#### What you need to do
Set down exactly the lines below, starting at the one that contains "Bolsa de Maquillaje" and ending at the one that contains "Sukhothai temples at night, Thailand 9", with both of those lines included and nothing else.
┌────────
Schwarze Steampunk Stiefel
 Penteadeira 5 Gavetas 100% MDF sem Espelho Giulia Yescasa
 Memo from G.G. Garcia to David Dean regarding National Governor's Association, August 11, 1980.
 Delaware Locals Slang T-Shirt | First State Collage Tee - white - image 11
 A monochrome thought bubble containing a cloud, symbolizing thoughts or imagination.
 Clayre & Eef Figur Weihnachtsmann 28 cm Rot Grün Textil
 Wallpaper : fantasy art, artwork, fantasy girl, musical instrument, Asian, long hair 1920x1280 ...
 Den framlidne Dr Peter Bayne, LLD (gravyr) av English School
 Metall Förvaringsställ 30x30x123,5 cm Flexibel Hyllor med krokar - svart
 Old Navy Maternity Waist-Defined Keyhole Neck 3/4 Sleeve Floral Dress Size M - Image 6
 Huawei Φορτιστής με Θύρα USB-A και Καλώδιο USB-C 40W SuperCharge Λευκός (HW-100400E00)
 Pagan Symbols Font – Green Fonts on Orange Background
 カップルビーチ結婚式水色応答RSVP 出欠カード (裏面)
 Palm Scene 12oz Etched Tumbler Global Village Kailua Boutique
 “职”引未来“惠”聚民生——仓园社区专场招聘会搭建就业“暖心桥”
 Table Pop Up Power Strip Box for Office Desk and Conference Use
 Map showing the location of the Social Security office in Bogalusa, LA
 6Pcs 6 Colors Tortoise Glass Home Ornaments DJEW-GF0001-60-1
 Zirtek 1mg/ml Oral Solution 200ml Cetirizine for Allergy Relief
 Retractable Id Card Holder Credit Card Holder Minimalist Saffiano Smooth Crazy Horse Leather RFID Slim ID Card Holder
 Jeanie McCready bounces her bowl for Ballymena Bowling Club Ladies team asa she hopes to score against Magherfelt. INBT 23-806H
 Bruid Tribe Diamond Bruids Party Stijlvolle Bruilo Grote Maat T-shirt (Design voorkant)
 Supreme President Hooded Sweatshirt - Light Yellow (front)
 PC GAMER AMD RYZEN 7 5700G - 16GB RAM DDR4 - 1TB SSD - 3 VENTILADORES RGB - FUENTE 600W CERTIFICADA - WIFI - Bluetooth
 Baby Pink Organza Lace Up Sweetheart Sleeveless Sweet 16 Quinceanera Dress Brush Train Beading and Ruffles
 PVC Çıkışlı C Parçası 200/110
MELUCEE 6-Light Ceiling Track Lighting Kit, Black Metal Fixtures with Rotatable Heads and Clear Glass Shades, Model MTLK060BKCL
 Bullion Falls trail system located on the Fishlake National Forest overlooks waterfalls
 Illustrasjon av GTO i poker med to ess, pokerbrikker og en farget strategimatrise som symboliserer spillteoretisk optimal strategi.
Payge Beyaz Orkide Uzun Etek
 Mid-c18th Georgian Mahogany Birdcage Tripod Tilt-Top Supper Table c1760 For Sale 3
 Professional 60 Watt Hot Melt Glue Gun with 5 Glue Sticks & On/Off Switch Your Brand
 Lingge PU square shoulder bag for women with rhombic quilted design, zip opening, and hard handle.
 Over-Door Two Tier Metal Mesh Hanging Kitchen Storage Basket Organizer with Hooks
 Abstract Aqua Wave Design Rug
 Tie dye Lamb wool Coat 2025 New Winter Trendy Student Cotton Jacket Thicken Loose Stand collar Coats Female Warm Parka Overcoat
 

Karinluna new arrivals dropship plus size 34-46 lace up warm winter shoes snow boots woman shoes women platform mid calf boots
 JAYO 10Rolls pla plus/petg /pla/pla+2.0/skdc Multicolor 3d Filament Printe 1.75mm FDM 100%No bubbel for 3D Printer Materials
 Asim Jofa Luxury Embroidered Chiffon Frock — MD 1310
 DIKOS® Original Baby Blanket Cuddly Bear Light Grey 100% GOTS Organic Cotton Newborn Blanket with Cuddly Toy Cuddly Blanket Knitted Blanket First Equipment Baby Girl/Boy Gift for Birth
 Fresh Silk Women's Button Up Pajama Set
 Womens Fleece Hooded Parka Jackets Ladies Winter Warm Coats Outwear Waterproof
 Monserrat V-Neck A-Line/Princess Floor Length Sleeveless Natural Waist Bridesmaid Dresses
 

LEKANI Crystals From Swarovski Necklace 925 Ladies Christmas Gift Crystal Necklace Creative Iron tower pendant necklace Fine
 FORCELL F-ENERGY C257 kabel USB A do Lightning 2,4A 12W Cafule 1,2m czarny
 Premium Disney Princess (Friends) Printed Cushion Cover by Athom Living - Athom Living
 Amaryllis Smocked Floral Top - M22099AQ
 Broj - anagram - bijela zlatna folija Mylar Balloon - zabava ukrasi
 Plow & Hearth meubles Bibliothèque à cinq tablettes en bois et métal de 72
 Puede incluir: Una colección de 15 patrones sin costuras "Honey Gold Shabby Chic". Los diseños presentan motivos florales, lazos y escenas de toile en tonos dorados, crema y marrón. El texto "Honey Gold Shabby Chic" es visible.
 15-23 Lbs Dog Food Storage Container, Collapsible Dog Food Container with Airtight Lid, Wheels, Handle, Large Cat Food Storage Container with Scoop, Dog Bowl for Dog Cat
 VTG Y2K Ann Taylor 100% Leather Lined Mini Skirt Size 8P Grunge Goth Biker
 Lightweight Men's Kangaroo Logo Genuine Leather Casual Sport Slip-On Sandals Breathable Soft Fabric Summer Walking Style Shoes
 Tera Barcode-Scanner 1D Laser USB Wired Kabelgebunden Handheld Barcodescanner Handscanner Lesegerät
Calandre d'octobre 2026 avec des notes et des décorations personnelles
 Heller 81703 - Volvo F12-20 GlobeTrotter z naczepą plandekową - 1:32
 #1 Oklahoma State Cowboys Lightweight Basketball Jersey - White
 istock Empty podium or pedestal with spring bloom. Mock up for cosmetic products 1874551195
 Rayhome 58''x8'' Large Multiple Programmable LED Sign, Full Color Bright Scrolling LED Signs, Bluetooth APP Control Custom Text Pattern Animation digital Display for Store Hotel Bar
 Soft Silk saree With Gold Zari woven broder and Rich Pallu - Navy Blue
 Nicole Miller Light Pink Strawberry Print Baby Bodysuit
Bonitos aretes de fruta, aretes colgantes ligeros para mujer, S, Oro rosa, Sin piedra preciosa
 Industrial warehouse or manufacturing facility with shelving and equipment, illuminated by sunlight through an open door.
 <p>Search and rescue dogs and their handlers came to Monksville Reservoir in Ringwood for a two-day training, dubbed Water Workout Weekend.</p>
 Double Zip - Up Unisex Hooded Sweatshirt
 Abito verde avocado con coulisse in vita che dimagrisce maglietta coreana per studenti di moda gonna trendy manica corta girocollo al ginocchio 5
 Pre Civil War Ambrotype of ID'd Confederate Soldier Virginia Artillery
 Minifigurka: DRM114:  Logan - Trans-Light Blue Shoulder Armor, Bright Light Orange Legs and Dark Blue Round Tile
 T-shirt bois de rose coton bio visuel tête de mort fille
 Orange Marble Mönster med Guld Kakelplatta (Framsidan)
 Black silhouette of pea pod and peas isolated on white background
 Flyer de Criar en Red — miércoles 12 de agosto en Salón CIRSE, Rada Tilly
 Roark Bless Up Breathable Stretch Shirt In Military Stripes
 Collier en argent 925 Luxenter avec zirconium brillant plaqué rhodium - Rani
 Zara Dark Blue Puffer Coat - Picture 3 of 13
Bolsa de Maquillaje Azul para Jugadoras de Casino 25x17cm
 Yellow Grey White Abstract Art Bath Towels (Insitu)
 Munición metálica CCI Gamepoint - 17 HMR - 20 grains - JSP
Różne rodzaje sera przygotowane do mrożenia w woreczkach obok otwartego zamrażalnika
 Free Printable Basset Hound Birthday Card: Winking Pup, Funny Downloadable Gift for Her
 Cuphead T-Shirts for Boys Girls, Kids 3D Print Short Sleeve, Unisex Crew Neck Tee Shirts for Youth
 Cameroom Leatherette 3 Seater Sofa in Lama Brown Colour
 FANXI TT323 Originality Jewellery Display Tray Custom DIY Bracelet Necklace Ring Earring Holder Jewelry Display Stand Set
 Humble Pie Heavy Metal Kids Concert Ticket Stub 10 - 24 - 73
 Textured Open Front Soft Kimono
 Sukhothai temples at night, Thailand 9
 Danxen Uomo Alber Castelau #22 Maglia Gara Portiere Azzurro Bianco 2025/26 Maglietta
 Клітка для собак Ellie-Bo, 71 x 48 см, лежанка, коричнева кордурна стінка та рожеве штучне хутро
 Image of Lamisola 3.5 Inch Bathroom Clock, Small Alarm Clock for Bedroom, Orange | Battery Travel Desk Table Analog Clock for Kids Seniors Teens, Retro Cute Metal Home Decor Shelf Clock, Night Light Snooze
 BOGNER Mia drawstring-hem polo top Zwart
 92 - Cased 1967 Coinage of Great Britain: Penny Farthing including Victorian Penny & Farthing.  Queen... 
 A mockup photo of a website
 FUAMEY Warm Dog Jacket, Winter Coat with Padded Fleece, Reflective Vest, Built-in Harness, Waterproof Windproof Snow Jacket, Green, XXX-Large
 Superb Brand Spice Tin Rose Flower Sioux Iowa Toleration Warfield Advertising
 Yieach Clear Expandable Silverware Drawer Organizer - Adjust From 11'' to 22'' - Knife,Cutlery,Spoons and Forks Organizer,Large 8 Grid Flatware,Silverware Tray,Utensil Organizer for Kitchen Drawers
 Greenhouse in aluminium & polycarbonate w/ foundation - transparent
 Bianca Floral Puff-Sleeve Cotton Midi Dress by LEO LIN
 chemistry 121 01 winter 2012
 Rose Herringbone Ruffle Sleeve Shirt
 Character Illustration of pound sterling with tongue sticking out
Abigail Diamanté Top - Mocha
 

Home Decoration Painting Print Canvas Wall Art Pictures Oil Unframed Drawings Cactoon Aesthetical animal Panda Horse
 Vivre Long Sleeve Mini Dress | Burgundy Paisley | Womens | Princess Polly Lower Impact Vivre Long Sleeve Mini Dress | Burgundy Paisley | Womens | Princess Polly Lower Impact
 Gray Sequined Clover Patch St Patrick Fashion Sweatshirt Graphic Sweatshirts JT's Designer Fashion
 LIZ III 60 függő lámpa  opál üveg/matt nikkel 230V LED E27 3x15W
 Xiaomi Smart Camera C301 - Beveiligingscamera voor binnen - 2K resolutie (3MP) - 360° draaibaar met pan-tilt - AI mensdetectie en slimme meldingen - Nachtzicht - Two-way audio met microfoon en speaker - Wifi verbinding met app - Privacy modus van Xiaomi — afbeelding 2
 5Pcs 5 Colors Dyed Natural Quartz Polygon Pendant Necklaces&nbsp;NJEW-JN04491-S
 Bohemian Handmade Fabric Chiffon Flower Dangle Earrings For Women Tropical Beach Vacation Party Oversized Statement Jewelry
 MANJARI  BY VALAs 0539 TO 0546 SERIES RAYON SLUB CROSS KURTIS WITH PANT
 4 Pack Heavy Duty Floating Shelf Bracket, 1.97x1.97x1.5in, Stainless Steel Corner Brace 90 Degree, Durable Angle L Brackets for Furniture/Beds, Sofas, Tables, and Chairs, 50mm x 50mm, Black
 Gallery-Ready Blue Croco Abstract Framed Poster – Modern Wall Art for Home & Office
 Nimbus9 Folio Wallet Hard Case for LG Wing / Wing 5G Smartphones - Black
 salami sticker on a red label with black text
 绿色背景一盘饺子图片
└────────
#### Answer for the task
Bolsa de Maquillaje Azul para Jugadoras de Casino 25x17cm
 Yellow Grey White Abstract Art Bath Towels (Insitu)
 Munición metálica CCI Gamepoint - 17 HMR - 20 grains - JSP
Różne rodzaje sera przygotowane do mrożenia w woreczkach obok otwartego zamrażalnika
 Free Printable Basset Hound Birthday Card: Winking Pup, Funny Downloadable Gift for Her
 Cuphead T-Shirts for Boys Girls, Kids 3D Print Short Sleeve, Unisex Crew Neck Tee Shirts for Youth
 Cameroom Leatherette 3 Seater Sofa in Lama Brown Colour
 FANXI TT323 Originality Jewellery Display Tray Custom DIY Bracelet Necklace Ring Earring Holder Jewelry Display Stand Set
 Humble Pie Heavy Metal Kids Concert Ticket Stub 10 - 24 - 73
 Textured Open Front Soft Kimono
 Sukhothai temples at night, Thailand 9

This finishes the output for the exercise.